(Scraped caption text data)
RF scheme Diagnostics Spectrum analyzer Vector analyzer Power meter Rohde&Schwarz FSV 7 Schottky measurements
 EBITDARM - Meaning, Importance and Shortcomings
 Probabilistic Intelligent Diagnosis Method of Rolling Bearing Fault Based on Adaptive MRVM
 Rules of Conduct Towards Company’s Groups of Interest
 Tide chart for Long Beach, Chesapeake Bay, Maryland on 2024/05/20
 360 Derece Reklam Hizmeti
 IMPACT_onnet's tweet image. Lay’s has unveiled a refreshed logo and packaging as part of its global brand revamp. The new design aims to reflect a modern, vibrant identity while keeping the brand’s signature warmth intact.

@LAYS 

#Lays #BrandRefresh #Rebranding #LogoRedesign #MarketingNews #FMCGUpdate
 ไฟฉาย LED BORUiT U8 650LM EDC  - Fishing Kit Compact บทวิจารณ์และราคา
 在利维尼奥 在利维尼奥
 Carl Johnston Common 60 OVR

EXERCISE AIM: Only the lines from the first line of the records through the line with "Rules of Conduct" should be reproduced, exactly and with nothing added.

ANSWER SECTION:
RF scheme Diagnostics Spectrum analyzer Vector analyzer Power meter Rohde&Schwarz FSV 7 Schottky measurements
 EBITDARM - Meaning, Importance and Shortcomings
 Probabilistic Intelligent Diagnosis Method of Rolling Bearing Fault Based on Adaptive MRVM
 Rules of Conduct Towards Company’s Groups of Interest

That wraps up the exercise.